[Stored data entries]
=== Begin Enclosure ===
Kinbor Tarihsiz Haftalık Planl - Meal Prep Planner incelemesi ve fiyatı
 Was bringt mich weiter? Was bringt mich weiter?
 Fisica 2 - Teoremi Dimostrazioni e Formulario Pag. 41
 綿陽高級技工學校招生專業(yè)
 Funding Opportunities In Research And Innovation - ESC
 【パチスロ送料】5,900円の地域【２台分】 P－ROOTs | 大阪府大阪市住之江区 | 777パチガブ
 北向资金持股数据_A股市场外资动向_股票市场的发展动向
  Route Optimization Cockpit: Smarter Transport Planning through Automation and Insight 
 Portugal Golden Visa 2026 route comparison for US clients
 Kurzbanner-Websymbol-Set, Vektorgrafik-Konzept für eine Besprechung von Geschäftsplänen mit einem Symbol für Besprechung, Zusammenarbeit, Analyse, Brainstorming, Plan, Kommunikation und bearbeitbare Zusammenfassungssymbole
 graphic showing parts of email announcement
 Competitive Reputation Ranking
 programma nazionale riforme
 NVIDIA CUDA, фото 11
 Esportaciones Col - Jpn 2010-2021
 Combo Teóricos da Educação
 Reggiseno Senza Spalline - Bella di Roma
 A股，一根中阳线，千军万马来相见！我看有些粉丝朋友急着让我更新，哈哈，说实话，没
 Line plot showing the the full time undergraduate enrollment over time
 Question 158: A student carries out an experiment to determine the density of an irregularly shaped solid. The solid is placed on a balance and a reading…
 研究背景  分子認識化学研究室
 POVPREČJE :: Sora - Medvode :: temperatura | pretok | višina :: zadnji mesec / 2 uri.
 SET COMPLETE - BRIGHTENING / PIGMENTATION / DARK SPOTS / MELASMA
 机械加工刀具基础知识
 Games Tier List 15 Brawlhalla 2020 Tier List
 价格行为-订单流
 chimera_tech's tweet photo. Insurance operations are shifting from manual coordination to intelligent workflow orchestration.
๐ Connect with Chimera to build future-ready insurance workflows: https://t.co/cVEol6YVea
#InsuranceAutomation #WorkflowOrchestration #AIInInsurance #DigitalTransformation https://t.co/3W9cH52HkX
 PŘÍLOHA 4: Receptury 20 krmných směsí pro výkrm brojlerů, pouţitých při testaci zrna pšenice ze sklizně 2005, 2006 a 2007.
=== End Enclosure ===
### Exercise prompt
Up to and including the final line of the data above, please copy every line exactly, starting from the one that contains "SET COMPLETE - BRIGHTENING".

### Answer to this exercise
 SET COMPLETE - BRIGHTENING / PIGMENTATION / DARK SPOTS / MELASMA
 机械加工刀具基础知识
 Games Tier List 15 Brawlhalla 2020 Tier List
 价格行为-订单流
 chimera_tech's tweet photo. Insurance operations are shifting from manual coordination to intelligent workflow orchestration.
๐ Connect with Chimera to build future-ready insurance workflows: https://t.co/cVEol6YVea
#InsuranceAutomation #WorkflowOrchestration #AIInInsurance #DigitalTransformation https://t.co/3W9cH52HkX
 PŘÍLOHA 4: Receptury 20 krmných směsí pro výkrm brojlerů, pouţitých při testaci zrna pšenice ze sklizně 2005, 2006 a 2007.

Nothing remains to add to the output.